ABOUT THIS EXERCISE: Starting at the line that contains "Zdeněk Šorm (první zleva) s přáteli" and stopping after the line that contains "PROMOCIÓN VESTIDO LUNARES MENTA", transcribe the listing below exactly; do not include any pictures.

------------------------------------------------

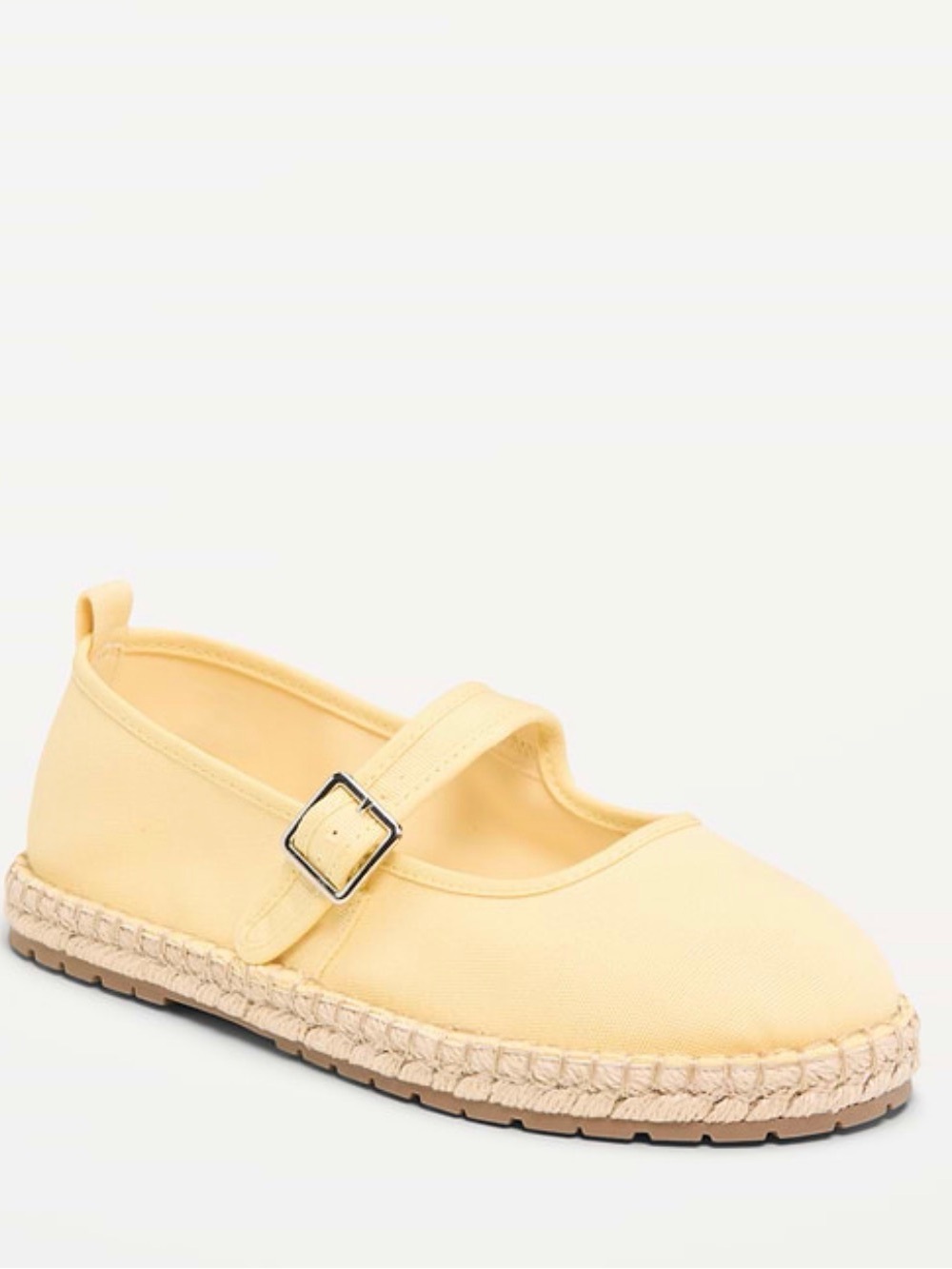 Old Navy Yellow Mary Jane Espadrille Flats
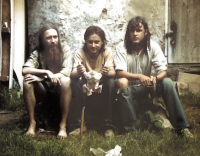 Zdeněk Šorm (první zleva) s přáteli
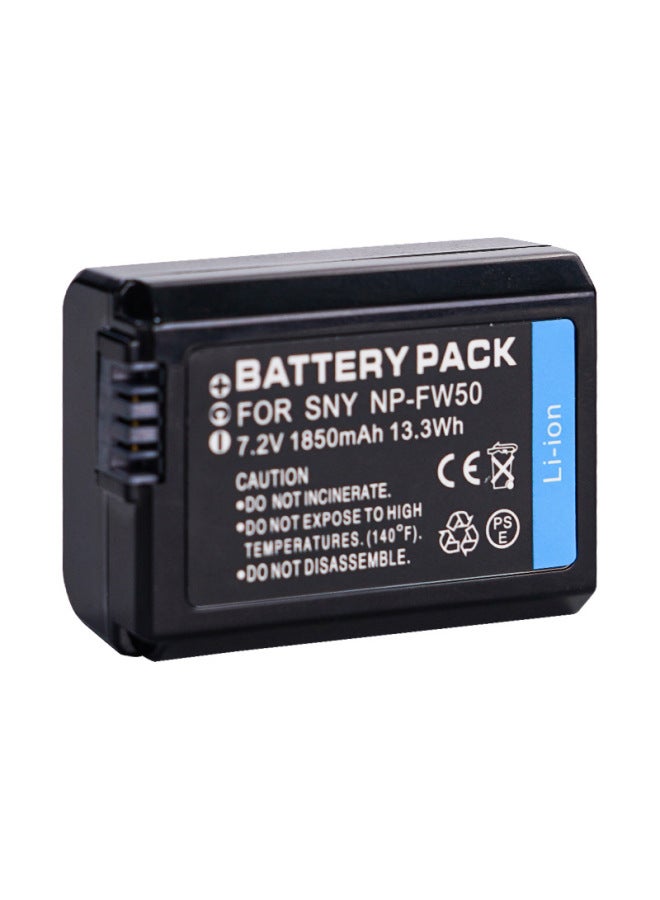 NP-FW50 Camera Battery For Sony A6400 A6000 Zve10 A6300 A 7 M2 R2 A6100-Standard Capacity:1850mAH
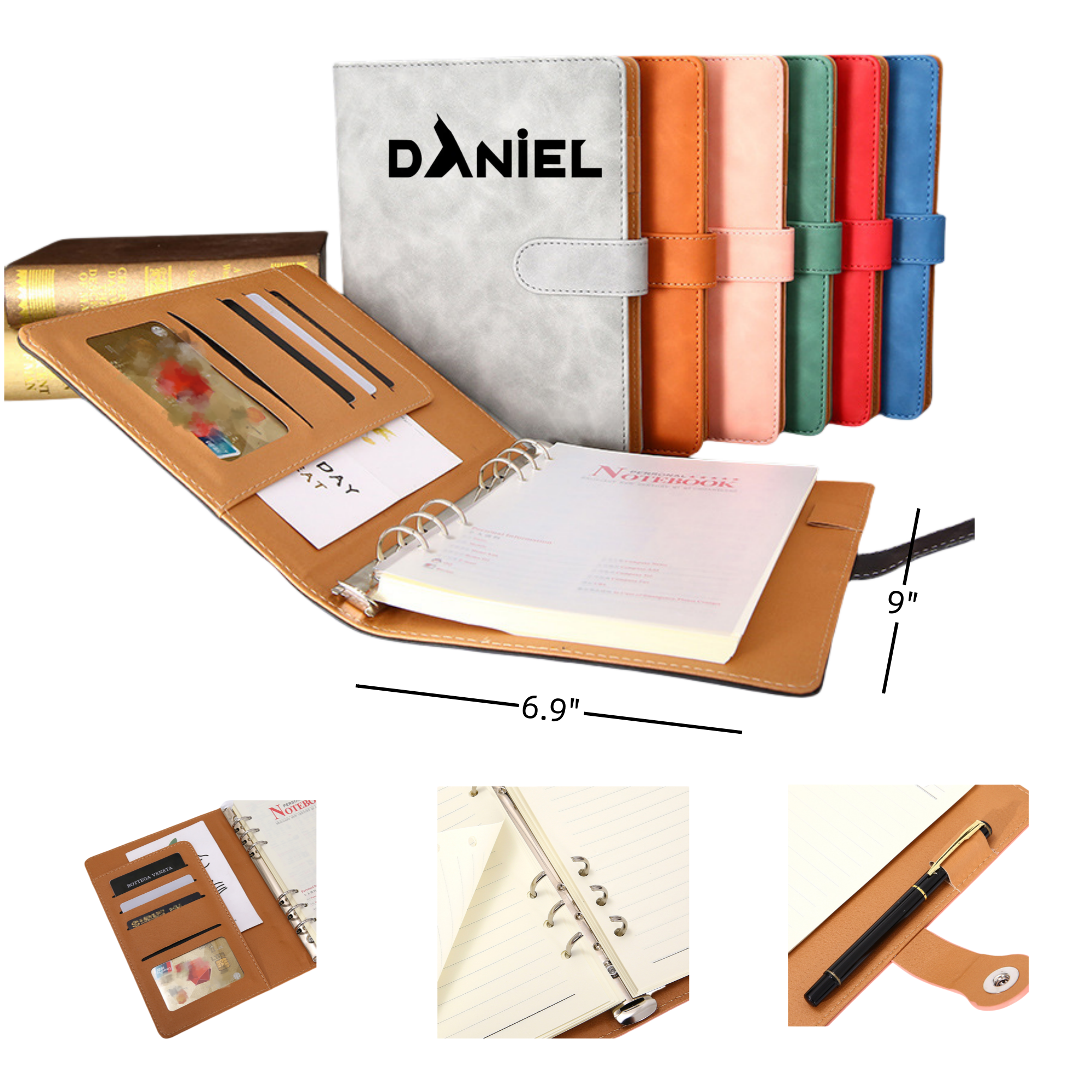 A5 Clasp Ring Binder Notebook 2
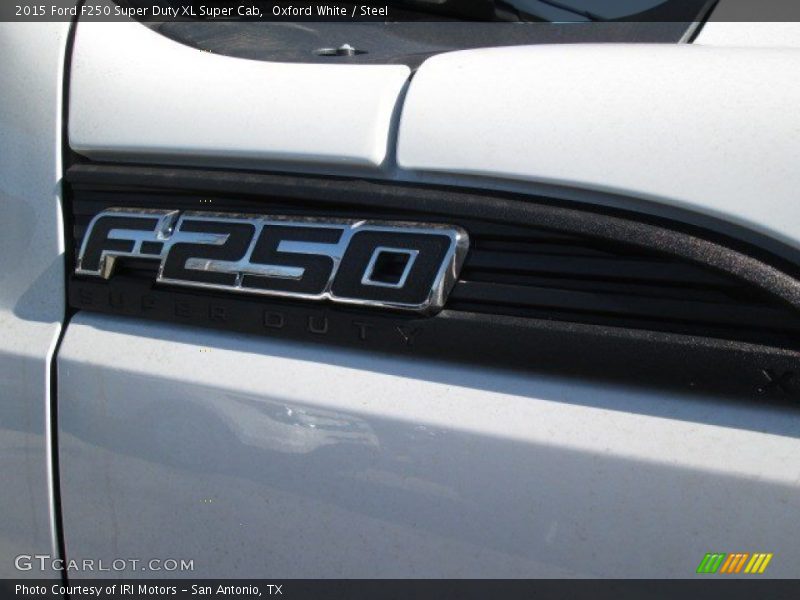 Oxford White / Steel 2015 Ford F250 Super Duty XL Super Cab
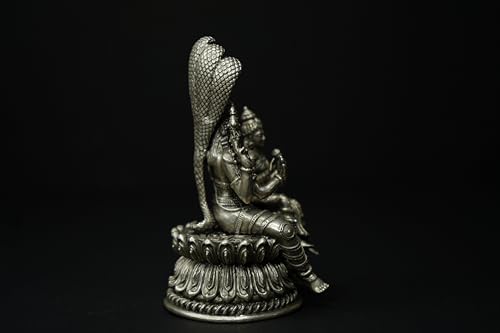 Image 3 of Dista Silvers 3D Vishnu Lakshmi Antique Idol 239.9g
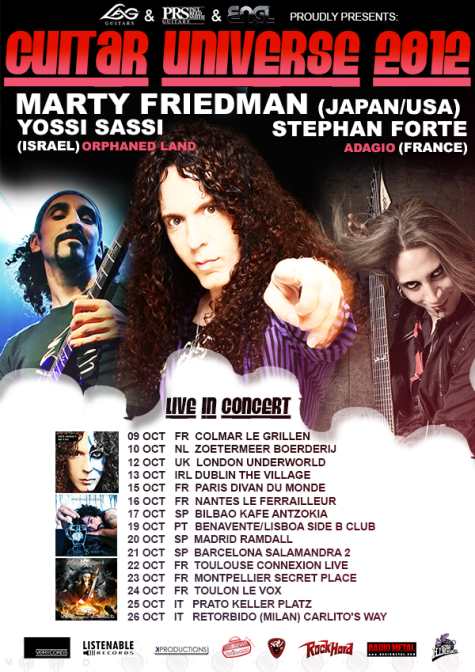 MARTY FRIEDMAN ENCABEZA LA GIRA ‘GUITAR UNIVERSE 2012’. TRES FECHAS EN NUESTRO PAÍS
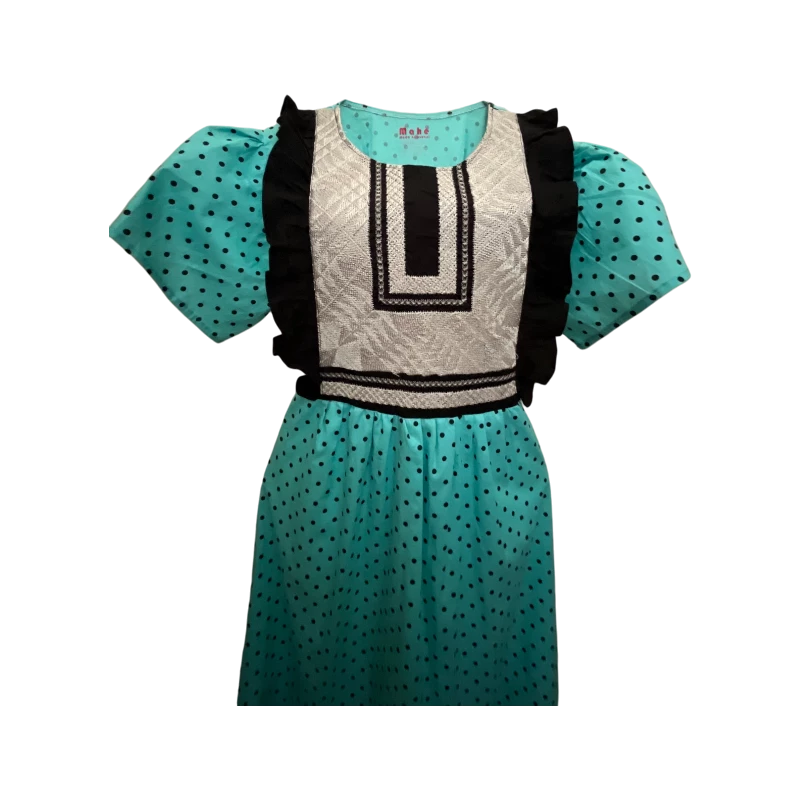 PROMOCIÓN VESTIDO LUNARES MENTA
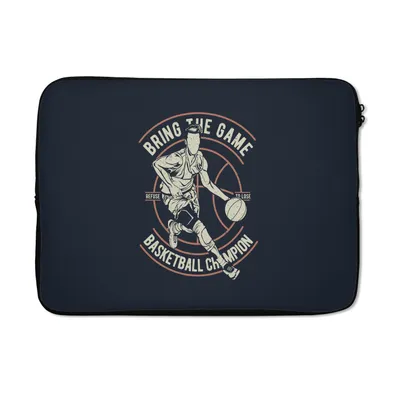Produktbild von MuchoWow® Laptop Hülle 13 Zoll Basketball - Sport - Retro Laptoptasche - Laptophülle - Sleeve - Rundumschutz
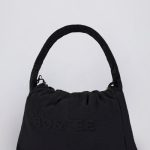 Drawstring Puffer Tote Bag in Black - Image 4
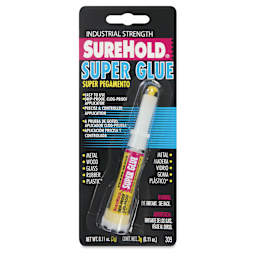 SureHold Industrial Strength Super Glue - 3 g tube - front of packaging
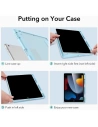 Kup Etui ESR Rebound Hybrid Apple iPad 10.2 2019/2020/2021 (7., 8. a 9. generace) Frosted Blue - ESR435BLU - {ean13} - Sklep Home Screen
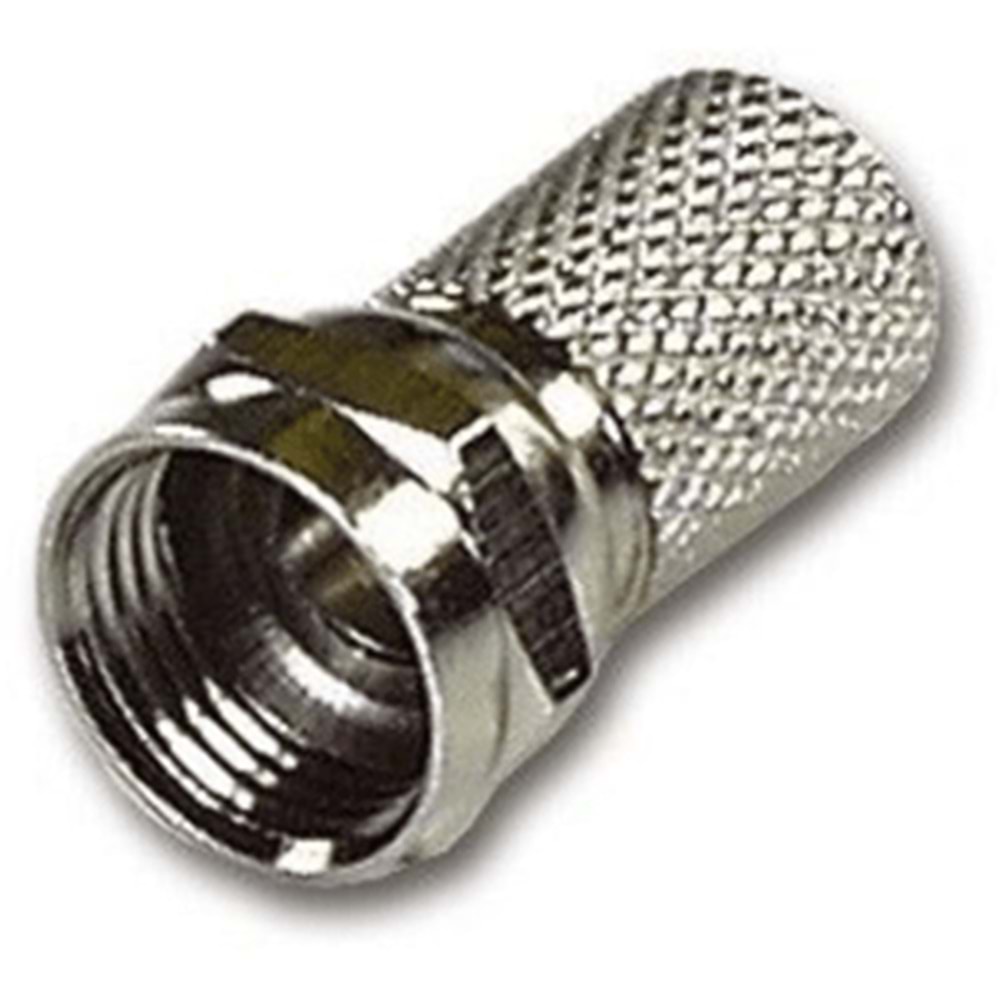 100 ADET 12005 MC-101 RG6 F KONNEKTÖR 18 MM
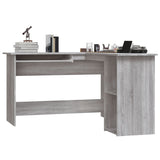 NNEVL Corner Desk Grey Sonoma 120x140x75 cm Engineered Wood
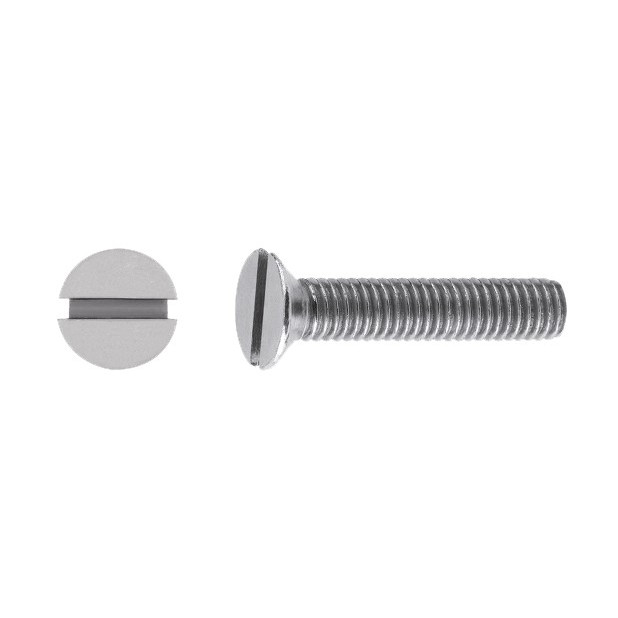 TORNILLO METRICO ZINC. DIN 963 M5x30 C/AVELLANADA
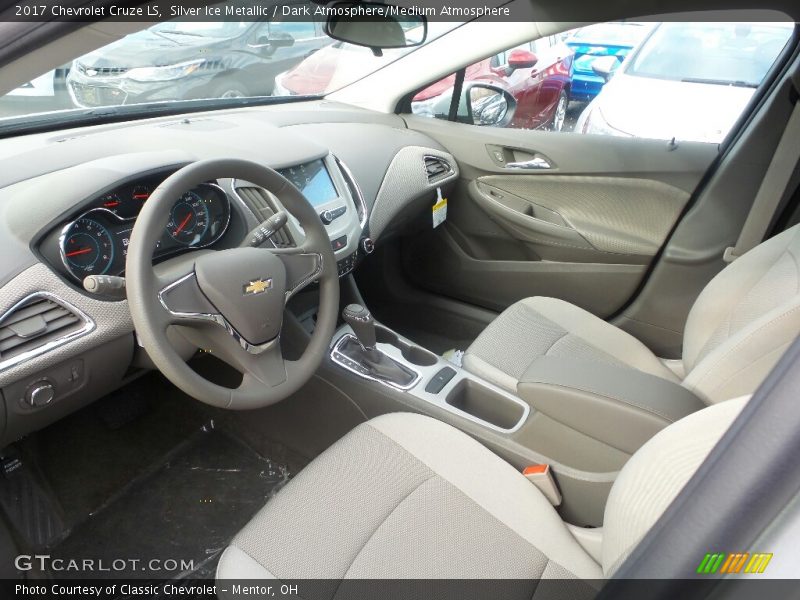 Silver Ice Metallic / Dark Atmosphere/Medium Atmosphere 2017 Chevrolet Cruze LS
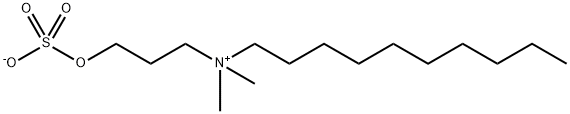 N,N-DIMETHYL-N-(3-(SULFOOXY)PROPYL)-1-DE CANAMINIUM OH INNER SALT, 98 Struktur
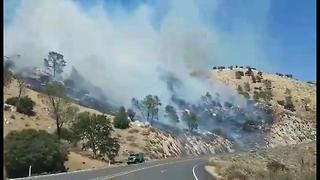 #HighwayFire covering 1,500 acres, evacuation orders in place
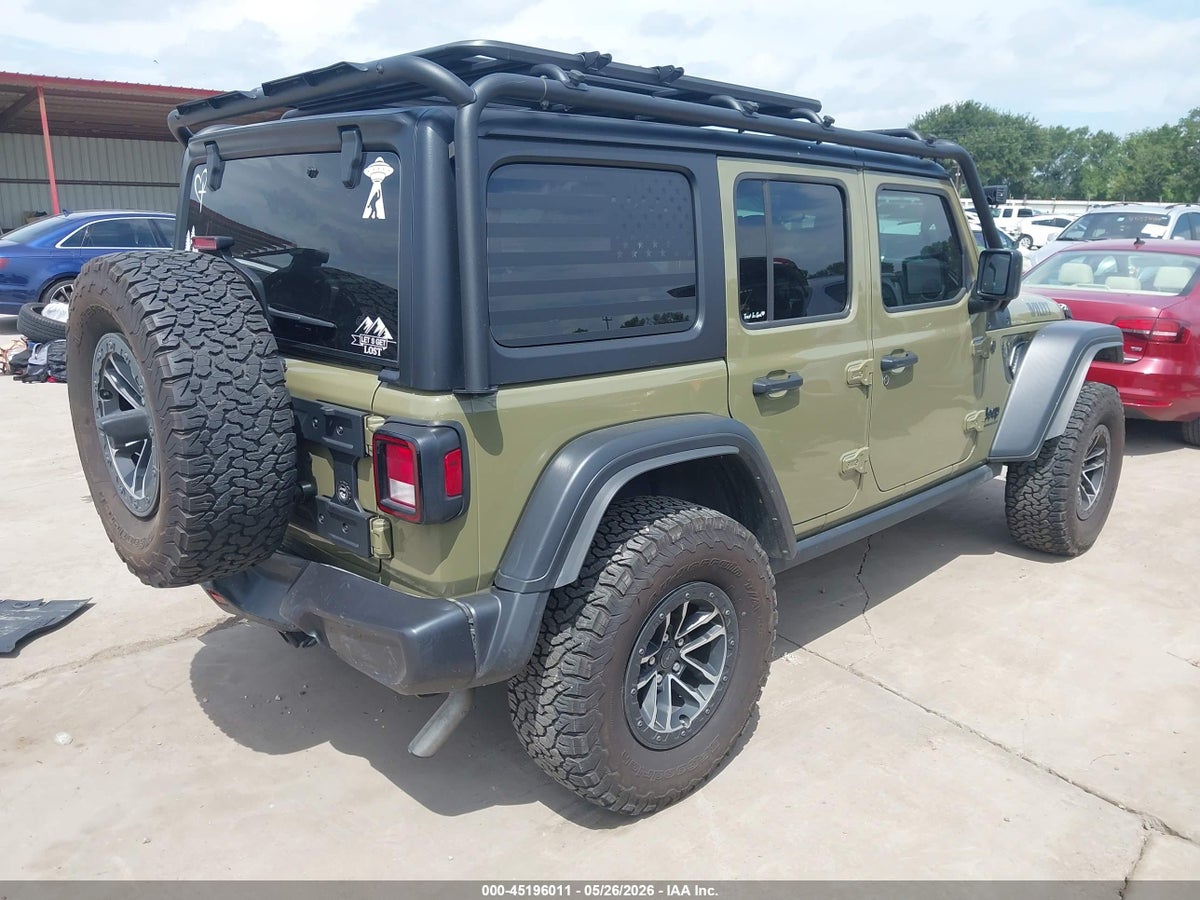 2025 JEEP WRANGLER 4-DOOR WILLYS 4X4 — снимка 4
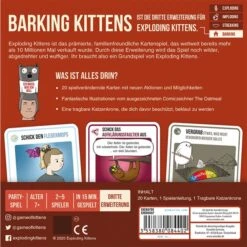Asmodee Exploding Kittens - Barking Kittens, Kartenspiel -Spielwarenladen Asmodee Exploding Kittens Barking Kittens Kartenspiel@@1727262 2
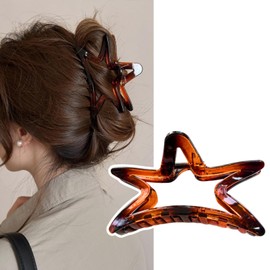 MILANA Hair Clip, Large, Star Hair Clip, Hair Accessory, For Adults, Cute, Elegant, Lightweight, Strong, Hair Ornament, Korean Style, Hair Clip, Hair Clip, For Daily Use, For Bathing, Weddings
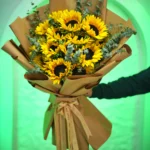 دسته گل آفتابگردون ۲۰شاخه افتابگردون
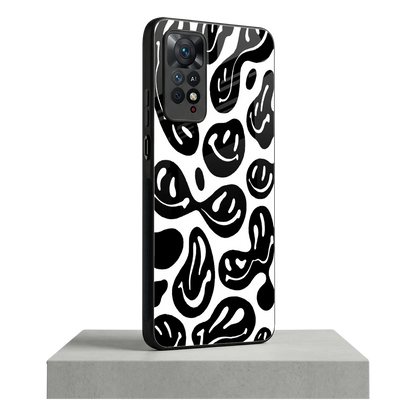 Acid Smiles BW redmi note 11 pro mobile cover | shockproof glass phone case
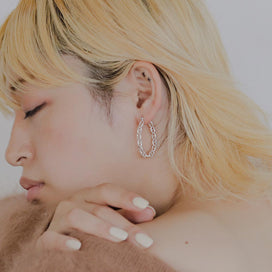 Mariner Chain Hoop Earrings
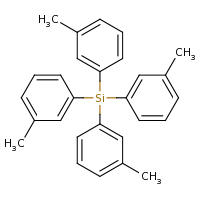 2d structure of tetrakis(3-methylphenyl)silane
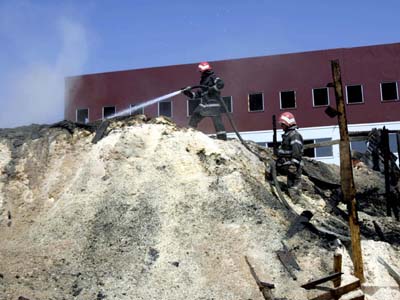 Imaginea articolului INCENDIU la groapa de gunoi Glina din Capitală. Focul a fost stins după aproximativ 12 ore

------------------------------------------------

RESULT:
 Zdeněk Šorm (první zleva) s přáteli
 NP-FW50 Camera Battery For Sony A6400 A6000 Zve10 A6300 A 7 M2 R2 A6100-Standard Capacity:1850mAH
 A5 Clasp Ring Binder Notebook 2
 Oxford White / Steel 2015 Ford F250 Super Duty XL Super Cab
 Image 3 of Dista Silvers 3D Vishnu Lakshmi Antique Idol 239.9g
 MARTY FRIEDMAN ENCABEZA LA GIRA ‘GUITAR UNIVERSE 2012’. TRES FECHAS EN NUESTRO PAÍS
 PROMOCIÓN VESTIDO LUNARES MENTA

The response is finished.